Lucky for us, she somehow managed to carve out a few minutes in her jam-packed schedule to chat.
“At 10 in the morning until about one or two, [I rehearse for] Alice in Wonderland, which is this huge, ambitious musical with a cast of 22 and video designers and lighting designers and costume designers. And then I have an hour-and-a-half lunch break and I spend the evening doing Uncle Vanya,” she explains, “which is a Chekhov realist tragedy — totally different world from Alice in Wonderland, which is fantastical and wonderful, childlike. So far, it’s been a really amazing contrast. It’s exhausting, but it’s been an amazing opportunity.”
Amazing though it may be, one imagines Sandhu will be hard-pressed to top her 2015 season, when she made headlines across the continent as the first woman of colour to be cast as Eliza Doolittle in a professional North American production of Pygmalion.
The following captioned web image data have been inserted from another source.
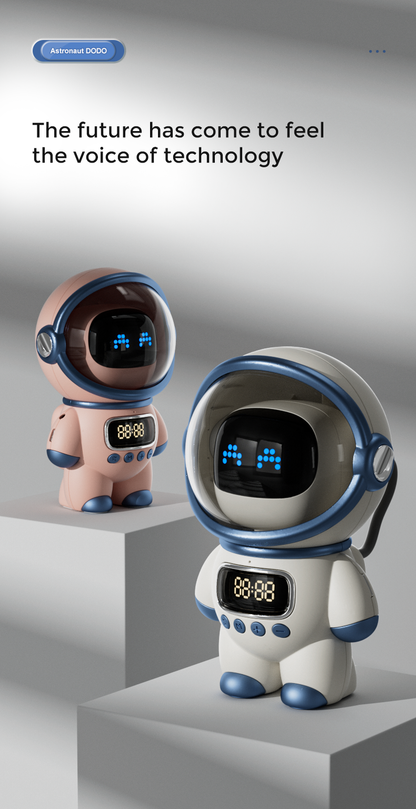 dodo m20 astronaut ai smart bluetooth speaker clock alarm radio nightlight publicity picture-3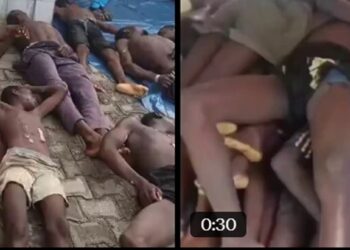 Nigerians Wail Over Bodies Of 37 Illegal Miners Found De@d in NSCDC Custody (Video)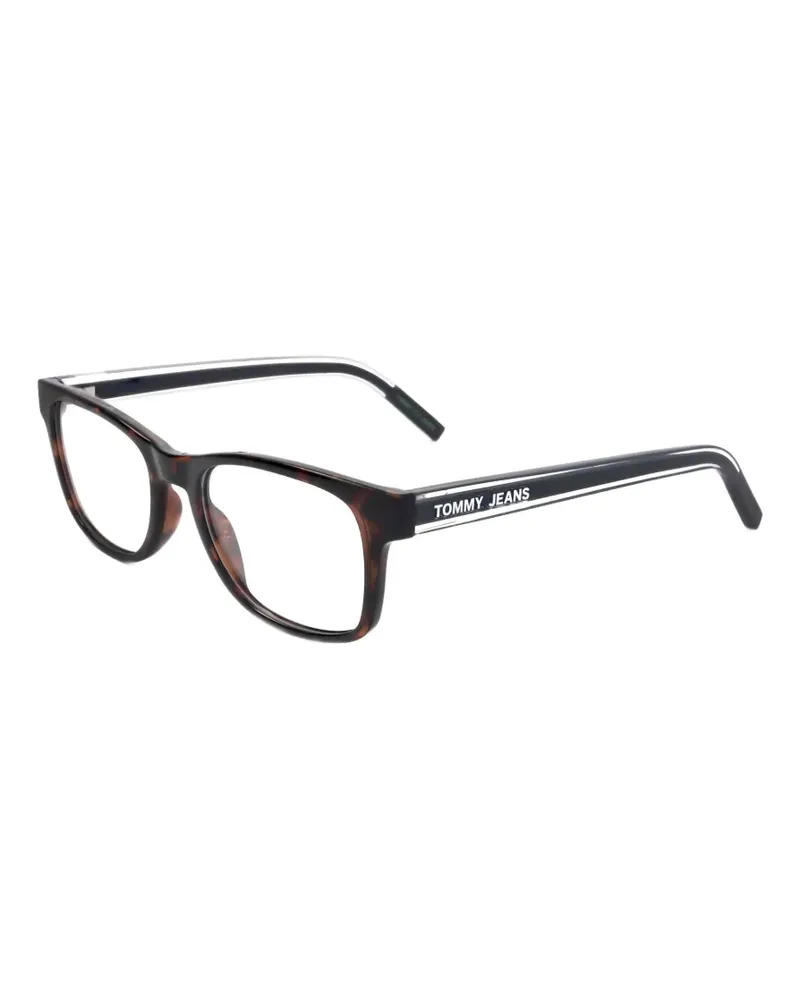 Tommy Hilfiger Eckige Brille in Schildpattoptik - Braun Braun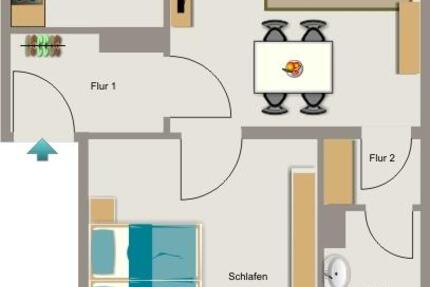 Wohnung Mülheim an der Ruhr Heißen - 2.5 Zimmer, 41 m&sup2;, 516&euro; | Angebot:26329895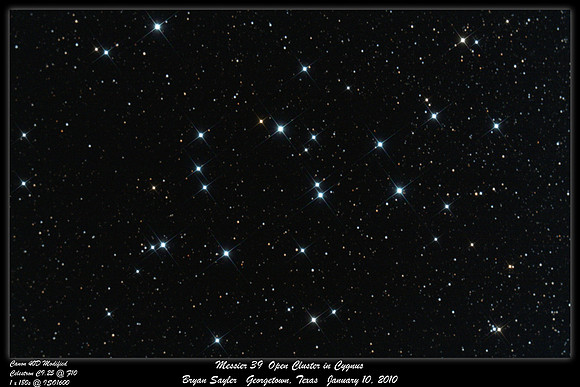 Messier 39 Open Cluster in Cygnus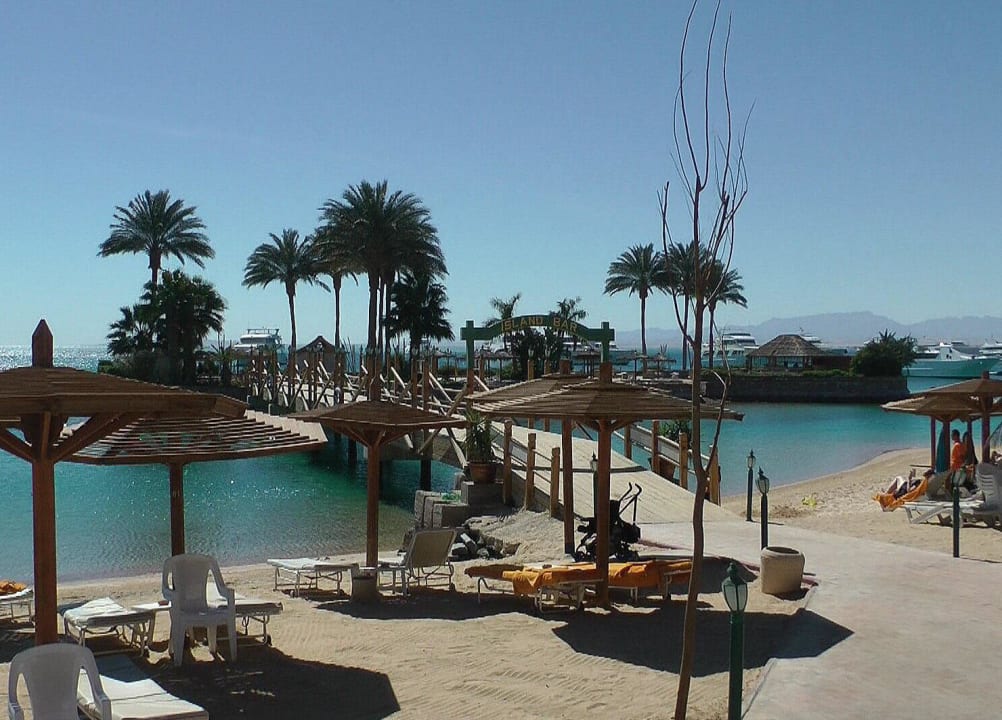 Brücke zur Insel Marriott Hurghada Beach Resort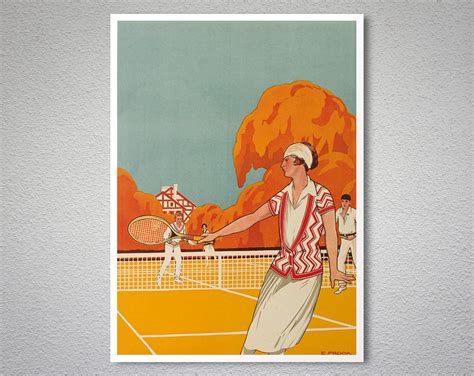 woman playing tennis vintage sport poster arty posters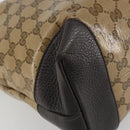 GUCCI GG Crystal Tote Bag Coated Canvas Outlet Beige Gold 353706 Auth 198678A-14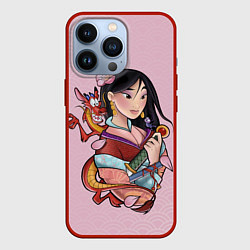 Чехол для iPhone 13 Pro Красивая Мулан и Мушу - big pictures, цвет: 3D-красный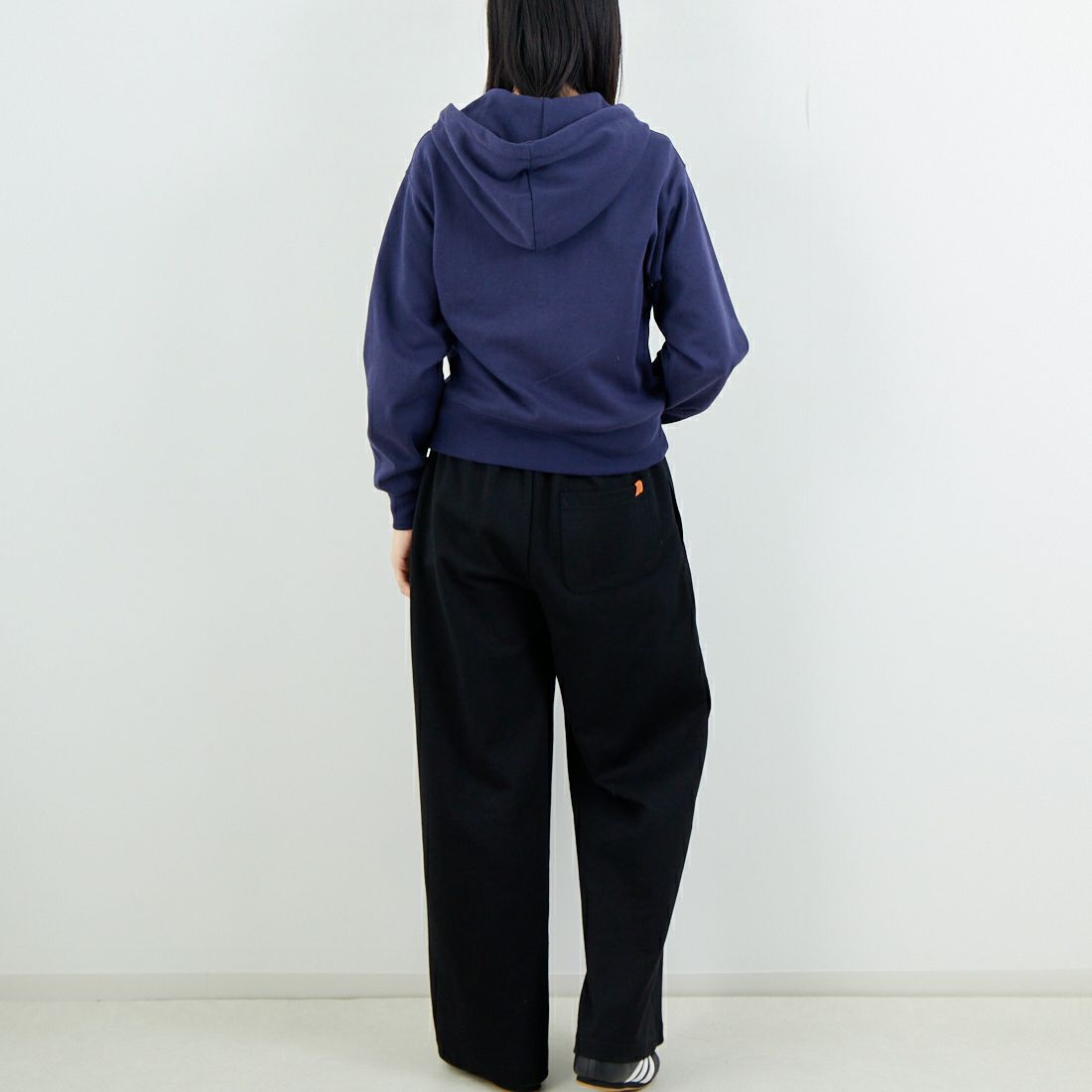 L.L.BEAN [エルエルビーン] PORTAGE フルジップフーデッドスウェット [6175-3150] 67 NAVY &&モデル身長：162cm 着用サイズ：M&&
For the actress, it was a surprising bit of trivia, to say the least.
Sandhu, with Dave Meadows and Patrikc McManus, in Shaw's 2015 update of Pygmalion.
Photo Credit: Emily Cooper/nowtoronto.com
“I kind of went, ‘What? Really?’ I was deeply honoured by that. And of course, there’s a bit of pressure . . . but I didn’t have to worry about that,” she says. “I can’t play colour; I just have to play the person, play the human. And the colour is what we see, and it’s beautiful, and Peter [Hinton, the director] embraced it, used it — the fact that she’s a third-generation immigrant [fit into] the modern context of [our] play.”
Much as her character was undergoing a transformation from street urchin to debutante, Sandhu felt herself evolving as a performer.
“It was a game-changing role in that it was the hardest role I’d had to play up until now. Peter was really amazing; he’s so deeply challenging, and he really upped my game enormously. Like, I cannot approach a script in the same way after that show. He made me examine theatre and acting big-time, like 180 degrees. So in that way, it’s sort of like the Before Eliza and After Eliza; my acting will never be the same.”
Photo Credit: Emily Cooper/criticsatlarge.ca
The show also had a profound, and somewhat unexpected, impact on her personal life. Sandhu’s parents had — quite reasonably — always had misgivings about the inherent instability of her career choice. In part, it took her brothers (“my pillars,” Sandhu calls them) — who growing up were always quick to drive their sister to a production or help her build a set — to convince mom and dad to put her through theatre school. But when they made the trek down to Niagara and saw their daughter centre stage in a world-class stage production, something changed.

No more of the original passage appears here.